Peter Jurasik is magnificent in his scenes watching G’Kar be tortured, fully forced to reckon with both the results of his actions and the depths of G’Kar’s personal strength and sacrifice (raw fucking ownage in a show that normally softens it, though this isn’t the first time we’ve seen G’Kar bring that out of the show.
Meanwhile, Delenn’s story is interesting in the sense that it’s less exciting and violent and even looks ineffectual at first; her job is more political, and she’s failing (at least until Sheridan goes full Jesus).
Londo has always been sentimental and what makes this part so effective is how he has to deal with the effects of that sentimentality, the yearning for the past which becomes fascist imperialism so easily.
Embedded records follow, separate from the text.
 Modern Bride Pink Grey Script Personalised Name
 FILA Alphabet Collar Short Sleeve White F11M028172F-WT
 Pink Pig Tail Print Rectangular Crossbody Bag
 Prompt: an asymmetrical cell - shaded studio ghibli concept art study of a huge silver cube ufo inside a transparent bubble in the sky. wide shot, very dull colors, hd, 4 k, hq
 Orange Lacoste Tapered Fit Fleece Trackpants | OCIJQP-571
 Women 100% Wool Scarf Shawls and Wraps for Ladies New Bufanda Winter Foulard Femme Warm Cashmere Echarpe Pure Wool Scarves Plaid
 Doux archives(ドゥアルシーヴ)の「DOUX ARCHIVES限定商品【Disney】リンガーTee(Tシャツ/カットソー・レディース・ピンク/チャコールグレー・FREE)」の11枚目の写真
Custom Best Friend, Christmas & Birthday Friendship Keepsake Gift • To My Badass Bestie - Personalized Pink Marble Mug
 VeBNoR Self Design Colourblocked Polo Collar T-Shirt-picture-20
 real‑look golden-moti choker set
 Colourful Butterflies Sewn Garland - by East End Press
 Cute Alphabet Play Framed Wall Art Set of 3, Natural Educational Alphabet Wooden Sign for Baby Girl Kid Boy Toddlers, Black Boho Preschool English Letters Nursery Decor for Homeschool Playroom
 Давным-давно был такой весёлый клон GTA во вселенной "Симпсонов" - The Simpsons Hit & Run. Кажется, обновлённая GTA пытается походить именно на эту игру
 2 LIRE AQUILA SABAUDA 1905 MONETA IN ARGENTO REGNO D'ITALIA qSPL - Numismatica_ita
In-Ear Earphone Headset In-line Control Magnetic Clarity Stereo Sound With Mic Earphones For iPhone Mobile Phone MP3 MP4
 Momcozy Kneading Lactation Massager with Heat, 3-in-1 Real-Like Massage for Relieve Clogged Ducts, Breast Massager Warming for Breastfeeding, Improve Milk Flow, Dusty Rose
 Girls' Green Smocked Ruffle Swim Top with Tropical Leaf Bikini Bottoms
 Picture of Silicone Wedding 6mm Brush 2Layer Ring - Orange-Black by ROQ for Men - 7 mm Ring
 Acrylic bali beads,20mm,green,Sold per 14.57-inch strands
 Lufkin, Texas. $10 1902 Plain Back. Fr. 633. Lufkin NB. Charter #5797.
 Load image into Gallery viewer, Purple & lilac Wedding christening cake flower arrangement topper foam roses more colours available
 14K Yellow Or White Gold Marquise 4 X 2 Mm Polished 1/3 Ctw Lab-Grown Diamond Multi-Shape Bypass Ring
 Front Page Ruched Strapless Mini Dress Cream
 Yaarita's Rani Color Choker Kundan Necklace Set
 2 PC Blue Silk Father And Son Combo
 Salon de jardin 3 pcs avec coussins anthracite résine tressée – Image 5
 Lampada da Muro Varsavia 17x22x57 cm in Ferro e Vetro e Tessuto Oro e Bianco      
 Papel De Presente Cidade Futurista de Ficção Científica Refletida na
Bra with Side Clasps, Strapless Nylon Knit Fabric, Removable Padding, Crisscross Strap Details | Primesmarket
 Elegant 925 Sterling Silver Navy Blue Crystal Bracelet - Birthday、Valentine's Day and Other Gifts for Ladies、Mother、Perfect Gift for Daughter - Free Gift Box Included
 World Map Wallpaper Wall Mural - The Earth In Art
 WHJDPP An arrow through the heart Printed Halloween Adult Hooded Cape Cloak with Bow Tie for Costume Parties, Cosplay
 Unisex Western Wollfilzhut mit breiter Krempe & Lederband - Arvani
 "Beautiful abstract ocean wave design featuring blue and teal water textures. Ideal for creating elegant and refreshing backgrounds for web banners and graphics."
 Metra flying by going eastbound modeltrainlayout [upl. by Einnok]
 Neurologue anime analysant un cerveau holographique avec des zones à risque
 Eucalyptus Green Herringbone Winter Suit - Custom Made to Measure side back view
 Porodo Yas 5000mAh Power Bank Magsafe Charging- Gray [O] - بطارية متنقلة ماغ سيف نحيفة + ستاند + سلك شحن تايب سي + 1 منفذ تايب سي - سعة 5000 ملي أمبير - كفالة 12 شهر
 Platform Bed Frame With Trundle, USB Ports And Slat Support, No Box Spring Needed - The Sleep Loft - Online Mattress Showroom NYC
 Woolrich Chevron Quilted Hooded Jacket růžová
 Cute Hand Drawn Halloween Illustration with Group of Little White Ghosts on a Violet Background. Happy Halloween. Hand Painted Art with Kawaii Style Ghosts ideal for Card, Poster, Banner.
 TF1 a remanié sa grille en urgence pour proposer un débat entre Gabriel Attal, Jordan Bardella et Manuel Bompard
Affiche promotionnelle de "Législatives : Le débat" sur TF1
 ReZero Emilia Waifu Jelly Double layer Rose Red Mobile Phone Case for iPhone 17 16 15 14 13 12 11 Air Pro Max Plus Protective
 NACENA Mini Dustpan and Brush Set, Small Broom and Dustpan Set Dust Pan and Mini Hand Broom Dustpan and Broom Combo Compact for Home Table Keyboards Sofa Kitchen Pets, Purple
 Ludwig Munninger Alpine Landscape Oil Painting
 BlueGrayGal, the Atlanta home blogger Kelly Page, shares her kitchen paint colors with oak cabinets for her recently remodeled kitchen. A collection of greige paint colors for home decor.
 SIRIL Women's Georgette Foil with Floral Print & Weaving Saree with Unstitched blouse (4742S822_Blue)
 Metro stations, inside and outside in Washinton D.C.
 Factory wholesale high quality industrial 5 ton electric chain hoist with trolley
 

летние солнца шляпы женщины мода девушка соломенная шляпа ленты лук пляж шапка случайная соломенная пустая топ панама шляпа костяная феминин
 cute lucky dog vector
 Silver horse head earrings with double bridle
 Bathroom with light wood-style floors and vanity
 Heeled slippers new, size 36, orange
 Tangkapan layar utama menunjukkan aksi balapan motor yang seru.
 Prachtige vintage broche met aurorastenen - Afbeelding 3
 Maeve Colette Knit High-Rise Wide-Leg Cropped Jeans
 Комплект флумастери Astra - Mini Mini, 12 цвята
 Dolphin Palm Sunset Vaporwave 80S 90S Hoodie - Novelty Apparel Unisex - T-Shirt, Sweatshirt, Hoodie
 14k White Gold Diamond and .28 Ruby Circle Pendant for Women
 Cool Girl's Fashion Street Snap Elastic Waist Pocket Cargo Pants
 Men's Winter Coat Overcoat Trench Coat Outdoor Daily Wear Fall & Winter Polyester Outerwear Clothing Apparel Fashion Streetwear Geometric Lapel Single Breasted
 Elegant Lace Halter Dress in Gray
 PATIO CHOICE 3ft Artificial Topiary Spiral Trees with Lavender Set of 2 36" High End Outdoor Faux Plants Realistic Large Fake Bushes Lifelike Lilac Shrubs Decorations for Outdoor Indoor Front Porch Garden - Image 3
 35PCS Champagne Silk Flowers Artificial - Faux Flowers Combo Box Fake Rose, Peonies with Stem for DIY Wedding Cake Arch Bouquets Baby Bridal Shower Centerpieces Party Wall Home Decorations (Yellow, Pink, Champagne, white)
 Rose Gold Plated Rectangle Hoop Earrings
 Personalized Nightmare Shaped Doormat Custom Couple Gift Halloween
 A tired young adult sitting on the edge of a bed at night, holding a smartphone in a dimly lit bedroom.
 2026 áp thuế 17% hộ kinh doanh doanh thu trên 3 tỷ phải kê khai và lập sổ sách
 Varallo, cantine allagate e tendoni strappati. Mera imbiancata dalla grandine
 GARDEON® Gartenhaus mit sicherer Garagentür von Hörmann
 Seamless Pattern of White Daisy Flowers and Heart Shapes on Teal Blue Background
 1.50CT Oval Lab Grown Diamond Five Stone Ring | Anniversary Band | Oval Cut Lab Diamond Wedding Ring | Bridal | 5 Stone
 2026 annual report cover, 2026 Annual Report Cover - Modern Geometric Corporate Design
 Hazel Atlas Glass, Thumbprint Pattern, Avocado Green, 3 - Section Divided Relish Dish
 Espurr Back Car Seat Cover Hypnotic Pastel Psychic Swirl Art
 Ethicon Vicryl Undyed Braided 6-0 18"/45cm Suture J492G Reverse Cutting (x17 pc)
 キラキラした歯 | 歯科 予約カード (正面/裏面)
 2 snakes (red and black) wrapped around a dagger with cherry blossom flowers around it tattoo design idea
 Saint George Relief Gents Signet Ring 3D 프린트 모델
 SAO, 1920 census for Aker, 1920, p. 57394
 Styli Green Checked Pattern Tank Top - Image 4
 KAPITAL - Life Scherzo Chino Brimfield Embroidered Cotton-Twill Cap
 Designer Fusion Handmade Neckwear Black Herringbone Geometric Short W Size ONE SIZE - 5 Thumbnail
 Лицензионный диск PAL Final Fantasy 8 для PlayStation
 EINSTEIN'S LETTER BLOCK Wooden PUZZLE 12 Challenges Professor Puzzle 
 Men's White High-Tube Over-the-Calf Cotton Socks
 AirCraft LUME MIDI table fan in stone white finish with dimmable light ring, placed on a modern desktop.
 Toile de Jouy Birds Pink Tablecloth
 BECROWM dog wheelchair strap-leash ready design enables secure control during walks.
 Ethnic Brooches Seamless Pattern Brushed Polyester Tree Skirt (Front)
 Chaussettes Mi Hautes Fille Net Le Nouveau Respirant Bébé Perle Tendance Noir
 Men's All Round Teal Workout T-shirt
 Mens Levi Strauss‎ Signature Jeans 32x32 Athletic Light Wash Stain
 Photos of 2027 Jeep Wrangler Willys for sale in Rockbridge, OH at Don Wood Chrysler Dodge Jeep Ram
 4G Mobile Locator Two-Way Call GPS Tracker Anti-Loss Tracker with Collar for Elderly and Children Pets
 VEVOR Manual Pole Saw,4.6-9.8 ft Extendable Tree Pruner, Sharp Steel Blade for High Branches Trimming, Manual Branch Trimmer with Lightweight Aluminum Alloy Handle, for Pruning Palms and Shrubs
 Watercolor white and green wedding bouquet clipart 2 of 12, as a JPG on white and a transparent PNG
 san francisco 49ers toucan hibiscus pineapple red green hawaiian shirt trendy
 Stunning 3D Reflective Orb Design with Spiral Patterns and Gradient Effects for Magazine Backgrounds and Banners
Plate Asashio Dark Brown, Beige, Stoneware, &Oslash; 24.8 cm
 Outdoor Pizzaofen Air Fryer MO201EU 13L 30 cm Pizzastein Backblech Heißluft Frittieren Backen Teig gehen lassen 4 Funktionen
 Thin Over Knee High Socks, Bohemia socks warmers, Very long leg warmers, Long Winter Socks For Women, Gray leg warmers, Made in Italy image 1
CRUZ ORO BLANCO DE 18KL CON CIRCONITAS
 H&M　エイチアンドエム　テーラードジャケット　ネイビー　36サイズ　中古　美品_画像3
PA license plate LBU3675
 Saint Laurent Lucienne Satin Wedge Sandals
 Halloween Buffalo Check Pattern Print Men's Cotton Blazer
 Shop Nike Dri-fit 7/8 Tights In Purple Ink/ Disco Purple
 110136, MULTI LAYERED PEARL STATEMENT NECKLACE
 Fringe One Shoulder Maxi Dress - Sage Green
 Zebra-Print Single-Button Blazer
All of the stuff with him and G’Kar rules, and Londo’s pragmatism will go to some great places.
Inside No. 9, “Once Removed”
Deeply fun. We start with awkwardness (a removal man, an anxious householder who seems unprepared for him, and conversations about erectile dysfunction), progress to weirdness (Reece Shearsmith in a hot pink silk bathrobe and dual oven mitts), and land on bloody chaos full of dead bodies–and that’s all in the first five minutes or so, before the episode jumps back ten minutes to show how some of this happened, then ten minutes more, then ten minutes more, and so on. I am usually anti-flashback, but this is done in such a condensed and playful manner that I found it delightful. (Truly, a lot of formal experimentation and tricks are best at short lengths, so I’ll give a half-hour anthology show a lot of leeway.) Funny, lots of ownage. The best and most precise bit of the latter actually comes at the end as both a character action and a bit of writing.
Also rewatched “The Bill.” Still incredibly funny.
Bloodsport
Watched with my friend Scott, and you would not believe how we sputtered and howled when this founder of the White Guy Karate genre (per We Hate Movies) throws up a series of straightfaced “based on a true story” cards at the end. We were dying. (NB: it appears the real-life Frank Dux’s claims were, unsurprisingly, complete bullshit.)
Hilarious nonsense (the training montage alone cracked me up, especially since much of it seems weirdly kinky, especially when young JCVD is blindfolded and serving tea to his sensei and his sensei’s wife: it’s practically a scene out of Secretary). Some good fights (ball-punching!). Bizarre to see a young Forest Whitaker running around trying to stop the plot from happening.
The world did not know what it had with Cannon Films.
KUMITE KUMITE KUMITE
Plus you have Frank’s big bear buddy who tells him very sincerely that he loves him and who he has more chemistry with than the female reporter.
KUMITE!
He and the buddy have a cheek kiss, even! Truly, they’re the heart of the film.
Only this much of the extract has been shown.